Immediate Action Points

  • Evidence Condition A: Revisit the disguised salary test to confirm that variable profit allocations remain linked to overall LLP profitability. This must be done at the beginning of each relevant period, when remuneration arrangements change or when new members join the LLP. It is a forward looking test, and LLPs with 31 March year end are advised to conduct their analysis in advance of the new fiscal period.
  • Document Condition B: Ensure analysis with respect to each partner’s significant influence rights are documented and expressed appropriately in the LLP Agreement and reflected in committee or board terms of reference.
  • Record Condition C: Where relevant, document capital contributions and capital at risk. This condition needs to be tested a t the beginning of each tax year and in addition, whenever there is a change in the contribution, or there is, otherwise, a change in circumstances that might affect whether or not Condition C is met.

 

LLP vs Ltd in 2026/27: Rates Steady, but Behaviours Are Shifting

With the Autumn Budget 2025 keeping most headline rates stable for 2026/27 – aside from a 2% increase in dividend ordinary and upper rates from 6 April 2026 (to 10.75% basic and 35.75% higher, with the 39.35% additional rate unchanged) – the long‑standing comparison between LLP and Ltd structures remains highly relevant for UK asset managers.

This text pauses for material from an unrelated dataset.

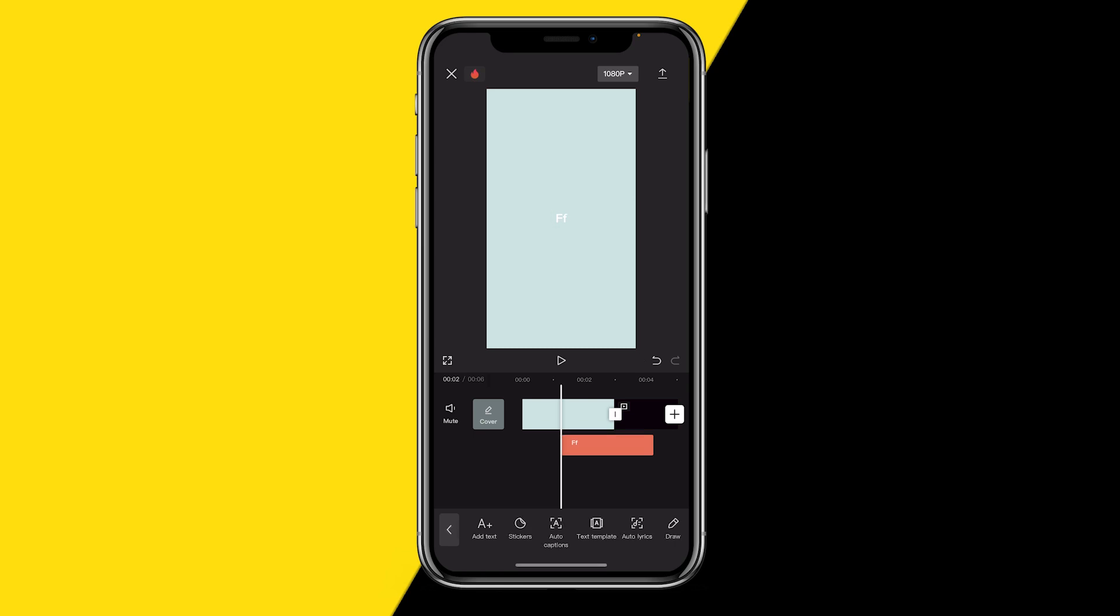That's how you can create a default CapCut background. If you learned something from this video I would highly appreciate it if you could like this video and subscribe to my channel, and I hope I will see you in my next YouTube tutorial video.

LLPs continue to offer the most efficient route for pure profit extraction, particularly where partners draw profits directly and value flexibility over corporate retention. However, as businesses mature, many are increasingly drawn to the planning opportunities and optionality available under limited‑company structures – including retained‑profit strategies, deferred remuneration structuring, enhanced governance frameworks and corporate‑level investment planning. The result is a shift in behaviour: while LLPs remain optimal for early‑stage or high‑distribution businesses, more established managers are revisiting whether a company structure better supports long‑term growth, institutionalisation and succession planning.

Immediate Action Points

  • Run structure comparisons: Model LLP versus Ltd outcomes, including hybrid or phased‑transition models.
  • Plan for growth: Consider long‑term capital needs, regulatory capital requirements and reinvestment strategy.
  • Stress‑test succession: Review whether the current structure supports generational transitions, staff participation or external investment.

 

Transfer Pricing (TP) Reform and Heightened HMRC Expectations

The Finance Bill 2025/26 introduces comprehensive modernisation of the UK TP framework effective for periods beginning on or after 1 January 2026. Key reforms include updates to the participation condition, changes to UK–UK TP, closer alignment with OECD TP Guidelines, and replacing the Diverted Profits Tax regime with the new Unassessed TP Profits mechanism. Financial transaction rules are also strengthened, requiring explicit consideration of implicit guarantees and group support when determining arm’s length interest rates.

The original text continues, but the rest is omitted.